Chinese insurers, which offer fixed returns, would also stress capital adequacy.

The risk perceived by the authorities in the bond market is therefore a threat to systemic stability that could produce a major domestic financial crisis.

In recent weeks, trading volumes in longer-dated bonds have collapsed to a fraction of their levels from earlier this month, after authorities began warning about “illegal” speculative trading.

It would not be in China’s interest for bond market activity to simply dry up completely – this in itself would have very significant implications for banking and systemic stability, given the key role that bond markets play within financial systems .

The PBOC is fighting a battle it can’t win in the market unless it and Beijing’s economic policymakers can find a way to win in the real economy.

It might seem a paradox that the authorities are struggling to raise bond yields, even as the PBOC has cut its policy rates – albeit short-term – in an attempt to boost lending and economic activity.

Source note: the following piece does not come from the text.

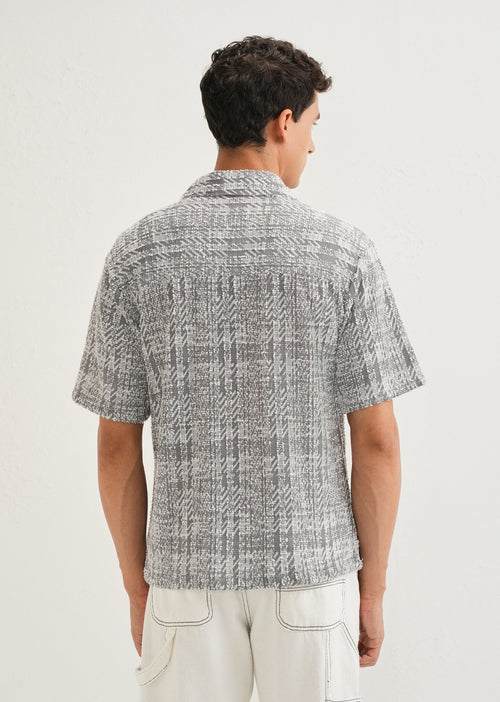 Ash Grey Jacquard Knitted Shirt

However, this paradox highlights the source of the problem.

The collapse of China’s housing market – the implosion of a previous bubble – in which prices continue to fall, has had a chilling effect on consumer and business confidence and on China’s economic growth, particularly activity in the domestic economy, which has essentially stagnated.

This has been reflected in a steady rate of inflation, factory gate prices that have fallen for almost two years and fears of deflation.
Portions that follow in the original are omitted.